Parametric and Generative Forecasts of Day-Ahead Market Curves for Storage Optimization
This work addresses forecasting and optimization for energy storage in day-ahead markets, which is incremental as it applies existing methods to a specific domain problem.
The paper tackled forecasting aggregated supply and demand curves in the EPEX SPOT day-ahead market using parametric and generative machine learning models, resulting in optimized storage strategies that quantified revenue distributions and highlighted price-compression effects with lower peaks and higher off-peak levels.

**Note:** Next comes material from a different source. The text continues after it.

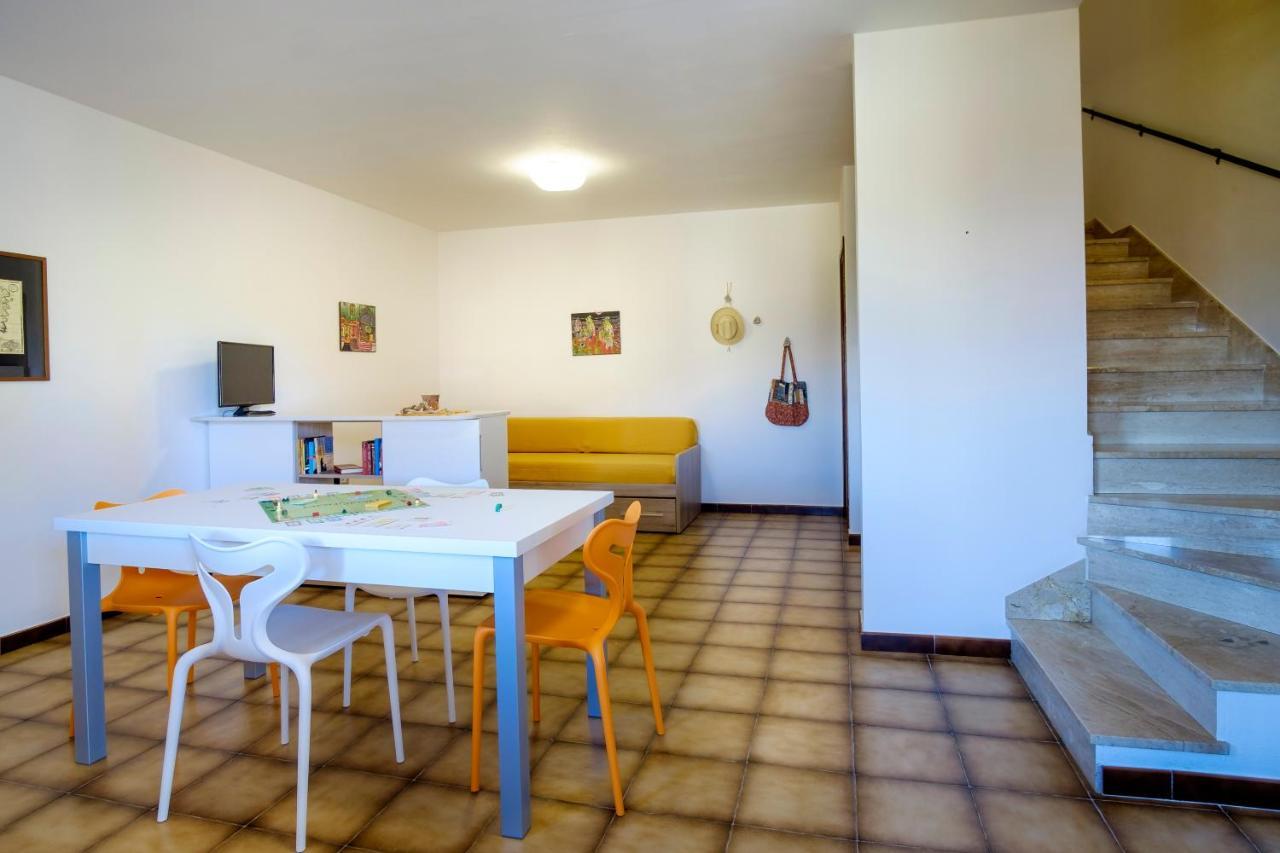 Residence Appartamenti Caffarena Arbatax Exterior photo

We present two machine learning frameworks for forecasting aggregated curves and optimizing storage in the EPEX SPOT day-ahead market. First, a fast parametric model forecasts hourly demand and supply curves in a low-dimensional and grid-robust representation, with minimum and maximum volumes combined with a Chebyshev polynomial for the elastic segment. The model enables daily use with low error and clear interpretability. Second, for a more comprehensive analysis, though less suited to daily operation, we employ generative models that learn the joint distribution of 24-hour order-level submissions given weather and fuel variables. These models generate synthetic daily scenarios of individual buy and sell orders, which, once aggregated, yield hourly supply and demand curves. Based on these forecasts, we optimize a price-making storage strategy, quantify revenue distributions, and highlight the price-compression effect with lower peaks, higher off-peak levels, and diminishing returns as capacity expands.